(Extracted records)
+++
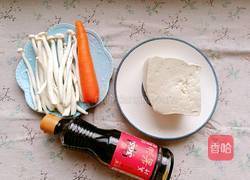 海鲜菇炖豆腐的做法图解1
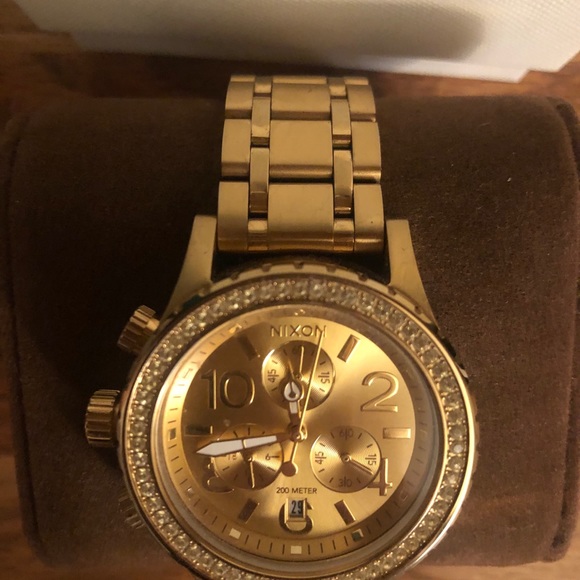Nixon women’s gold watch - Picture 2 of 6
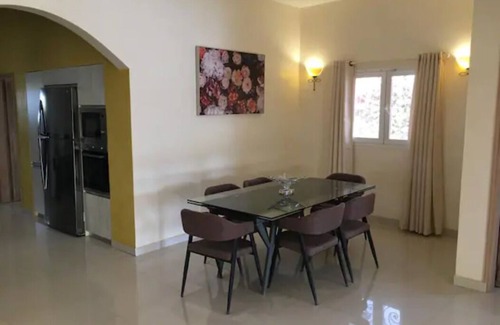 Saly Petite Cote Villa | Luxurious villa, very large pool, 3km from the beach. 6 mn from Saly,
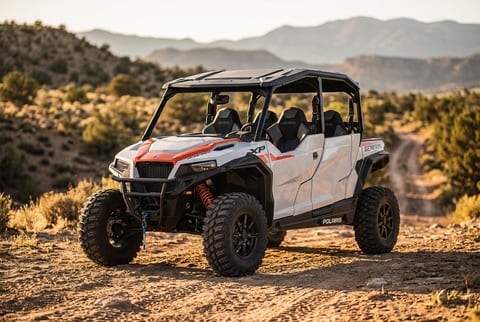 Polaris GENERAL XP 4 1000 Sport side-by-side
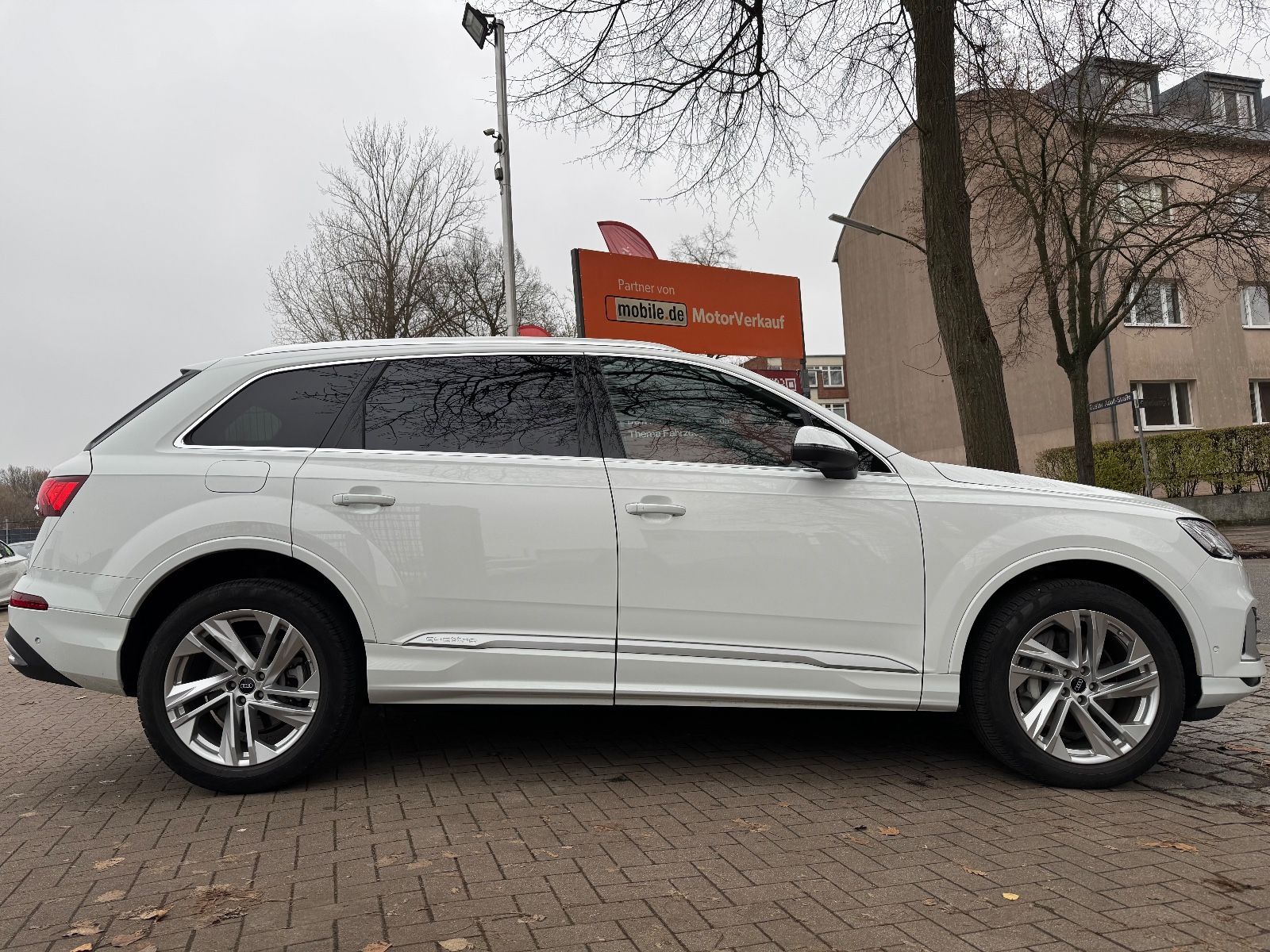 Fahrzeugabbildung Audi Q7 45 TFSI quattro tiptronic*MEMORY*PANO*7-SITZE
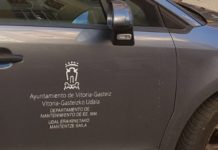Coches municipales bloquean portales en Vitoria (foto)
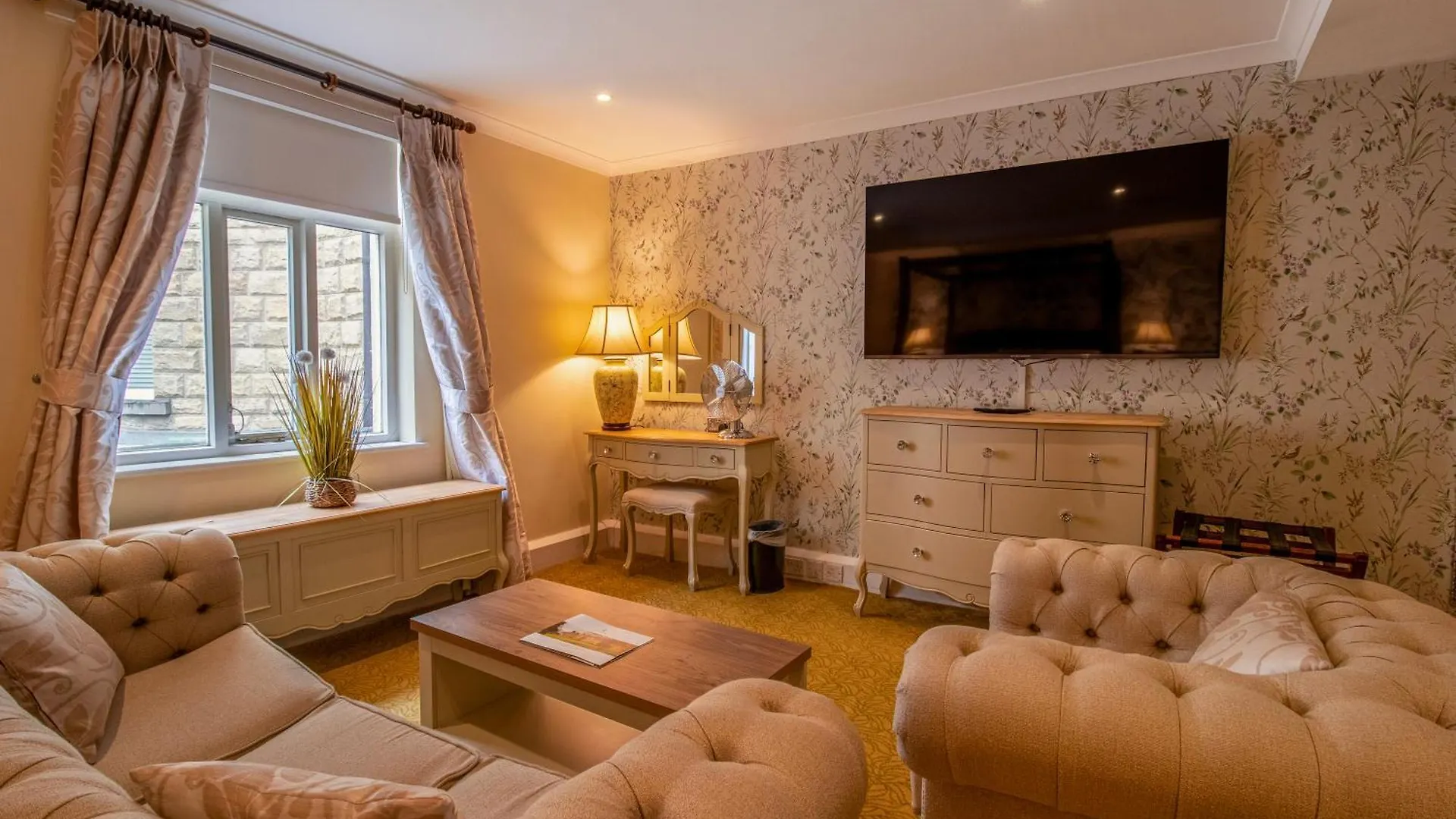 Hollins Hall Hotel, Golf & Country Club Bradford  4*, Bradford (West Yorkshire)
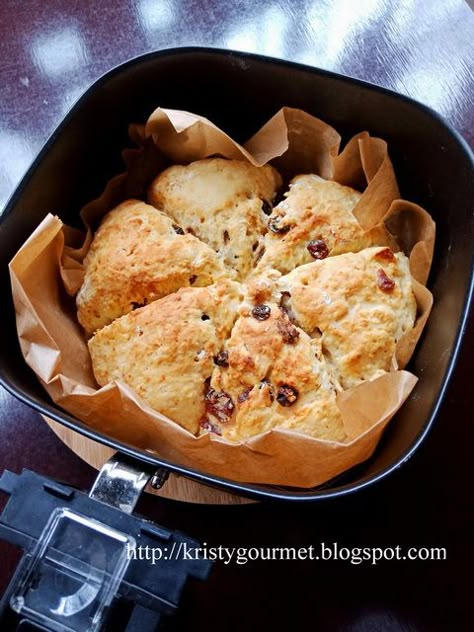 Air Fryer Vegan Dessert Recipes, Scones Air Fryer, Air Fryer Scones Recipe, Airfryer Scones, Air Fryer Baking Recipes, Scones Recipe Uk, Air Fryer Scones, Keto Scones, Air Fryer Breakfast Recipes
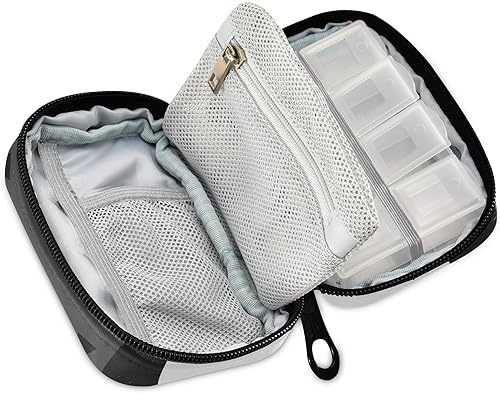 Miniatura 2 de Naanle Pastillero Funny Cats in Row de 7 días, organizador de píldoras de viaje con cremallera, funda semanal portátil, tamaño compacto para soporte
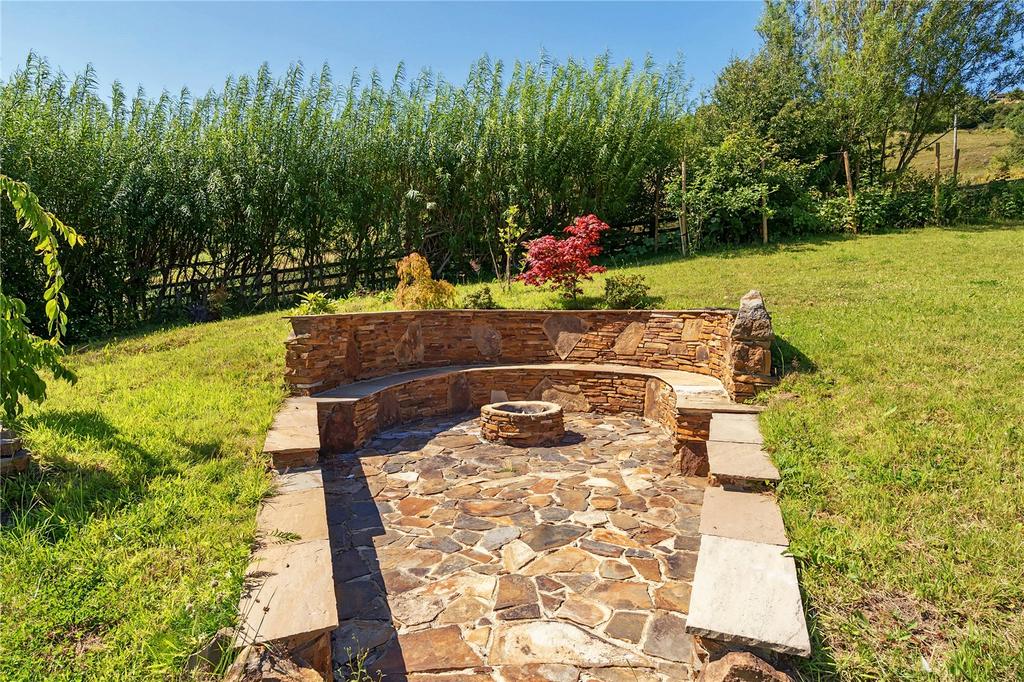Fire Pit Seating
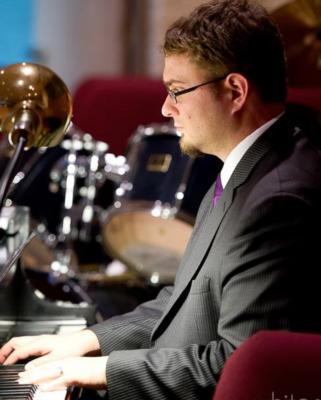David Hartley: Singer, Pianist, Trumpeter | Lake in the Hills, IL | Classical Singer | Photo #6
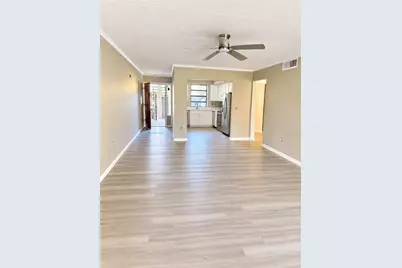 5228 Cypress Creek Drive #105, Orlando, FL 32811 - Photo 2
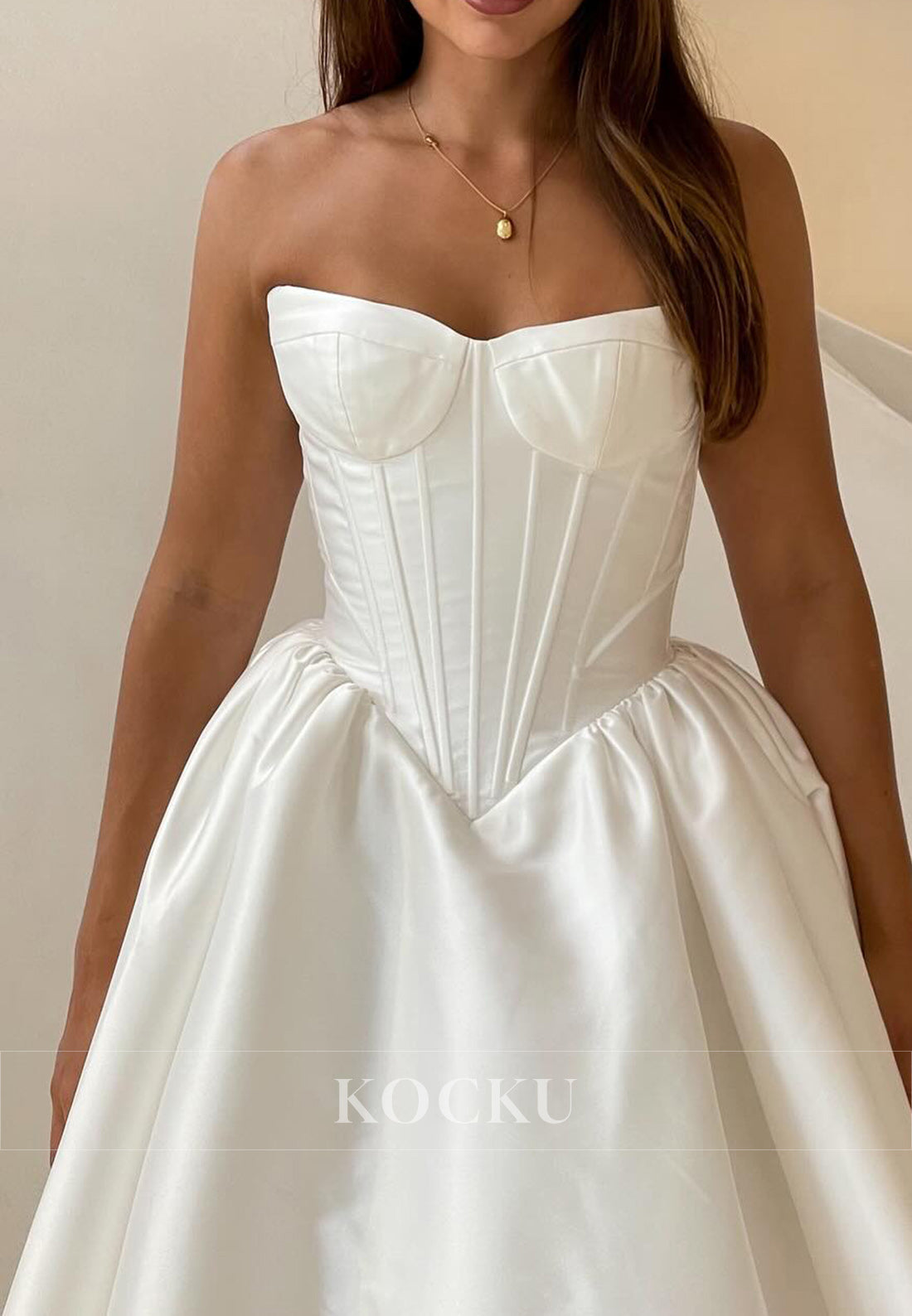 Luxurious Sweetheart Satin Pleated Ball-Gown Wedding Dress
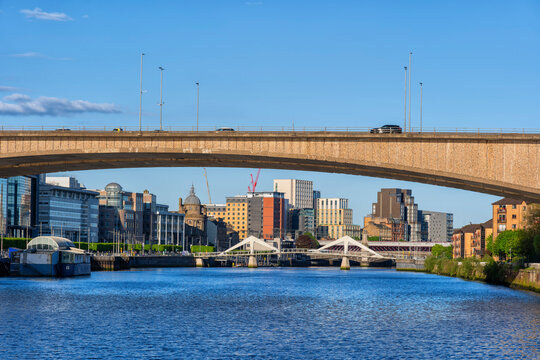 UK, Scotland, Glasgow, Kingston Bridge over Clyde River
+++
• [To do]: Leave out the pictures and repeat exactly the lines from the one containing "5228 Cypress Creek" through the last line of the entries.

• [Answer]:
 5228 Cypress Creek Drive #105, Orlando, FL 32811 - Photo 2
 Luxurious Sweetheart Satin Pleated Ball-Gown Wedding Dress
 UK, Scotland, Glasgow, Kingston Bridge over Clyde River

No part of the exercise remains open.